Après les jachères (projet en cours)

Résidence à La Clairière - Art et nature


« L’essentiel ne se trouve ni dans le produit fini, le chef-d’œuvre, ni dans
le processus dont l’œuvre atteste le déploiement,
mais dans l’ampleur des trajectoires effectuées par une œuvre. »[1]

 

Comme les rideaux d’une scène s’ouvrant sur l’autre, le projet infiltrant Après les jachères propose une interprétation picturale et écrite de récits personnels, des lieux et des habitudes des citoyens de Chesterville à travers une série d’enseignes qui seront érigés à des endroits stratégiques du village.


Avec l’avènement d’un art contextuel, « plusieurs artistes tournant le dos à l’art pour l’art ou au principe d’autonomie, en appellent à la mise en valeur de la RÉALITÉ BRUTE. Pour ceux-là, héritiers du réalisme historique (d’un Courbet), l’art doit être relié aux choses de tous les jours, se produire dans l’instant, en relation étroite avec le « contexte ». »[2]
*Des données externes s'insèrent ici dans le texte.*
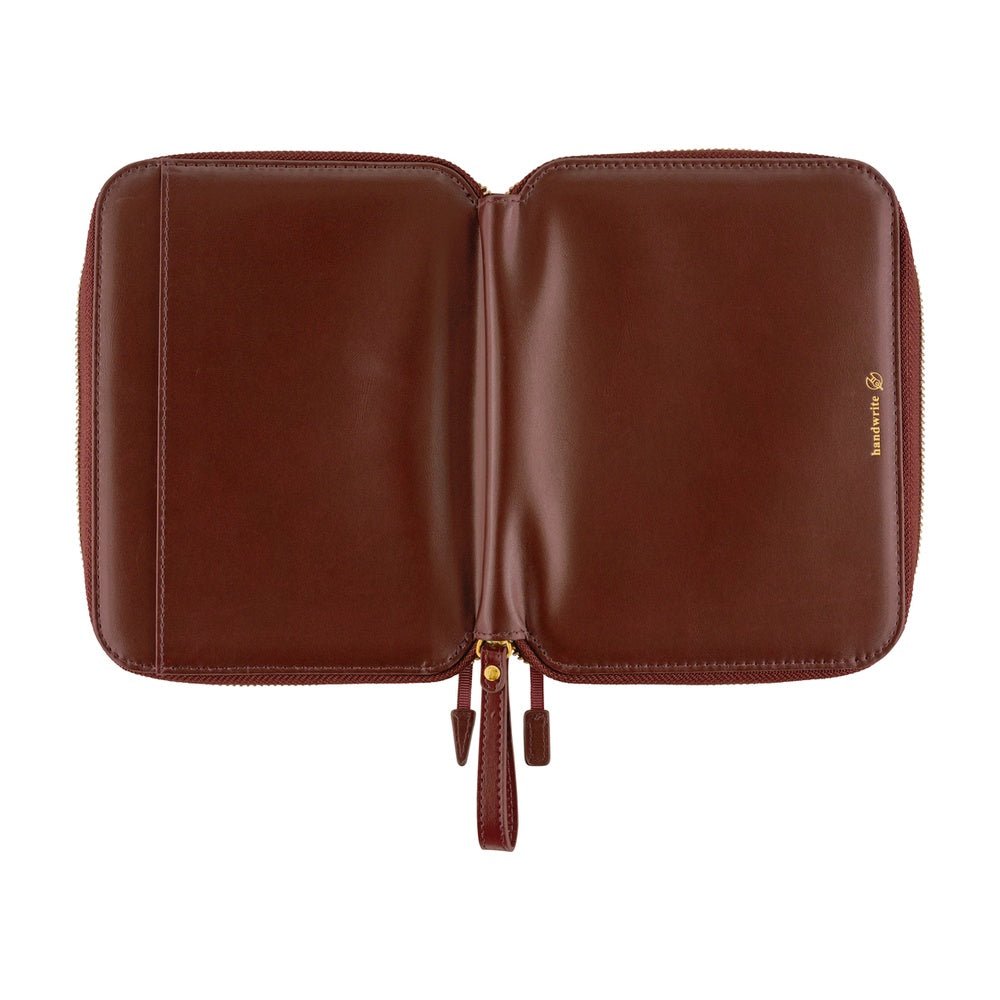 A red-brown leather notebook case shown open against a plain white background, featuring a small gold logo on the right side.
Voir la Joconde est aujourd’hui davantage un acte d'allégeance à la culture occidentale qu'une expérience esthétique[3]. Effectivement, il me semble que notre rapport à l’image est une construction culturelle.
Nous serons émerveillés devant des paysages-panorama[4] ou des paysages-sites puisque l’on nous a préalablement annoncé dans les guides touristiques et via des pancartes en bordure de l’autoroute des points de vue où il convient de s’émouvoir. Nous irons admirer les plus beaux paysages et prendrons notre propre photographie en sachant toutefois que plusieurs photographes professionnels y ont également pointé leur objectif et que de splendides images de ce lieu se trouvent déjà à l’intérieur de livres. Nous photographierons les œuvres mythiques dans les musées même si de nombreuses photographies de ces œuvres furent captées, et ce, de meilleure qualité. Nous nous rendrons à la Statue de la Liberté à New York et tenterons de la prendre en photo avec nos moindres moyens afin d’attester de notre présence même si nous pourrions avoir accès à de magnifiques photos de celle-ci sur des cartes postales. La culture populaire s’éloigne de plus en plus de ses propres ressentis esthétiques et tend vers ce qui consent à être beau.
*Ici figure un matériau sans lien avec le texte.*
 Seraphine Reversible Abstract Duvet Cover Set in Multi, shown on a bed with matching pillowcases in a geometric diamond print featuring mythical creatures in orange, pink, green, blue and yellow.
Dans le cadre du projet de résidence réalisé à La Clairière, j’irai donc à la
rencontre des gens du village, observer leurs habitudes de vie et contempler les paysages et les lieux qu’ils côtoient et dans lesquels ils interagissent au quotidien. À travers cette démarche interdisciplinaire d’enquête qui réfère aux pratiques sociologiques, je glanerai des récits et
des photographies qui seront ensuite interprétées et mises en forme en images et en texte pour ultérieurement être disposées sur des enseignes grands formats montées sur des structures autoportantes qui seront déposées au sein des lieux teintées de ces réflexions.
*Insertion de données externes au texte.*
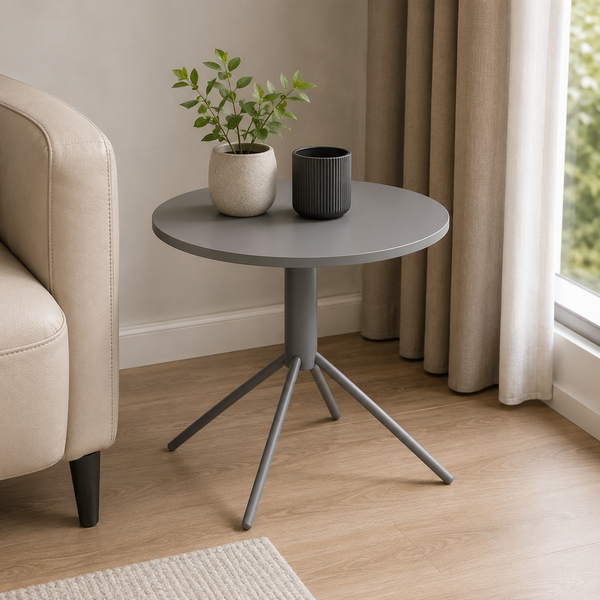 A round gray side table with a three-legged metal tripod base, styled in a living room next to a beige armchair with a potted plant and a dark gray cup on top.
La Jachère définit comme une « terre cultivable laissée au repos temporairement en ne lui faisant pas porter de récolte afin qu'elle produise ensuite abondamment »fait donc écho aux fondements du projet, qui vise à restituer le senti esthétique individuel des gens du villages qui ont moins de recul sur leur mode de vie et sur leur environnement. Si l’habitude évite de voir, si les fonctions utilitaires de nos espaces de vie nous empêchent d’admirer notre décor quotidien, s’il faut parfois partir pour mieux revenir ou s’il faut posséder le recul des néo-ruraux pour apprécier le charme idyllique de la campagne, il y a labour à faire.

 

Le terreau est mûr. La jachère est terminée.


 

[1]
Bourriaud, N. 1998. La mutuelle des
formes
, Art Press. Anatomie des cultures électrodiques, Hors série no 19.

[2]
Ardenne, P. 2002. L’art contextuel.
Paris, Flammarion, 250 p.


[3]
Archéologie du futur / Archéologie du quotidien, Yan Pei-Ming : les larmes de Mona Lisa au Louvre.
Source :http://archeologue.over-blog.com/article-27900321.html.
Consulté le 16 mai 2009.

[4] Paysages-panorama : donne à voir aux amateurs de contemplation ou aux touristes pressés.

Paysages-sites : incarnation de l’unique répertorié par les guides touristiques, les gens viennent de loin pour le voir.